Redistribusi Oleh Negara

Sebagaimana dikemukakan oleh Chomsky diatas, bahwa ketika sebuah negara berhasil di-neoliberalisasikan, maka negara akan menjadi agen utama dari proses pengaliran kekayaan ke kantong-kantong orang kaya/kelas elit. Hal pertama yang akan dilakukan oleh Negara adalah : privatisasi dan pemangkasan pengeluaran negara untuk tunjangan sosial. Privatisasi tanah dan perumahan misalnya, pada awalnya seolah-olah menjadi berkah bagi banyak orang karena mereka telah naik status dari penyewa menjadi pemilik tanah/rumah. Namun ketika proses privatisasi tersebut selesai dilakukan, yang terjadi adalah gelombang spekulasi harga tanah/rumah. Akibatnya, orang-orang miskin yang tinggal di lokasi strategis atau di pusat kota, terpaksa/tergoda untuk menjual tanah/rumah mereka, tentu saja kepada para konglomerat atau korporasi untuk dijadikan pemukiman mewah, real estate, pusat perbelanjaan dsbnya. Begitu pula yang terjadi di pedesaan, bagaimana kepemilikan tanah tiba-tiba beralih secara drastis kepada orang-orang kaya dari kota. Orang miskin dan petani tersingkir serta tergusur akibat kebijakan privatisasi tersebut. Inilah yang terjadi di Inggris pada era Thatcher, di Meksiko dan di China. Kelonggaran dan penurunan pajak bagi korporasi juga menjadi hal yang lumrah, seperti yang terjadi di Amerika Serikat, dimana pajak korporasi semakin lama semakin rendah (Bersambung)
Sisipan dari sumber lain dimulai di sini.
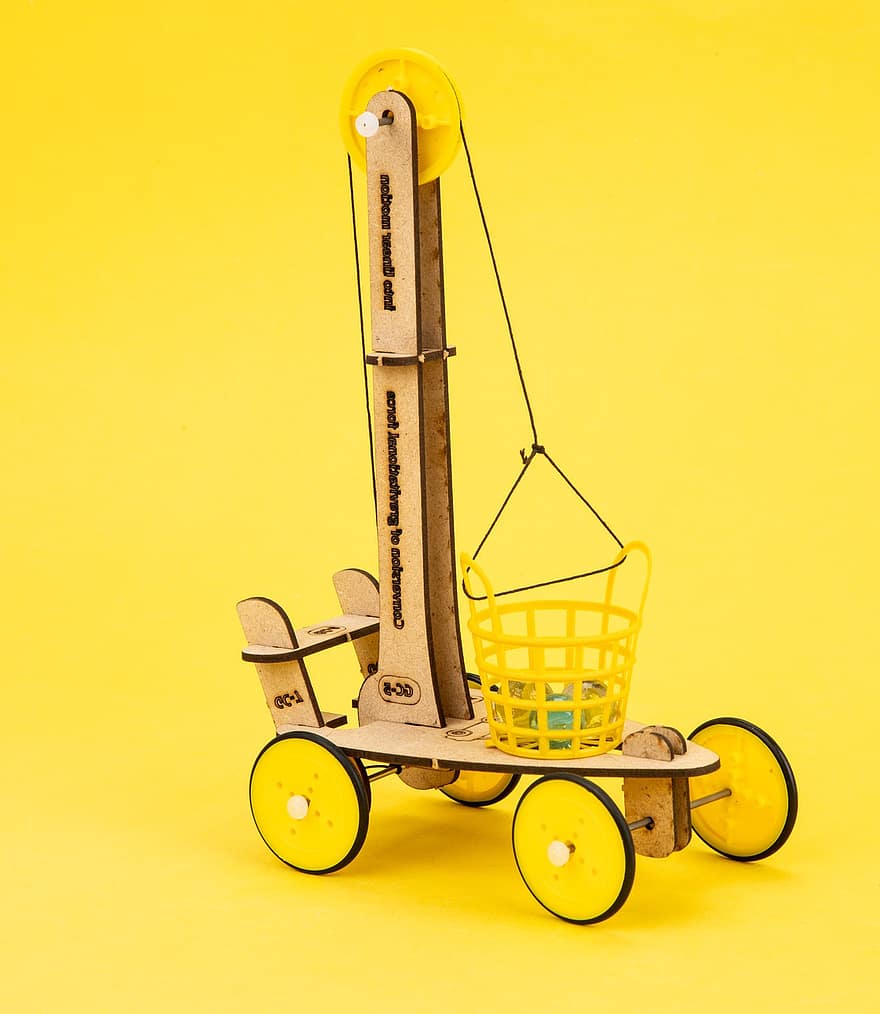 zabawka edukacyjna, Nauka praktyczna, Drewniany zestaw, żółty, koło, zabawka, pojedynczy obiekt, drewno, transport, sprzęt, odosobniony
Bacaan Pengantar Lebih Lanjut :

Chomsky, Noam. 2005. Memeras Rakyat : Neoliberalisme dan Tatanan Global. Jakarta : Penerbit Profetik
Harvey, David. 2005. A Brief History of Neoliberalism. New York : Oxford University Press
Harvey, David. 2009. Neoliberalisme dan Restorasi Kelas Kapitalis. Yogyakarta : Resist Book
Swastika, Alia. 2003. Komodifikasi Perempuan : Tapak Ekonomi Neoliberal. Yogyakarta : Jurnal Ilmu Sosial dan Ilmu Politik UGM, Vol 7, No 1 (89-112)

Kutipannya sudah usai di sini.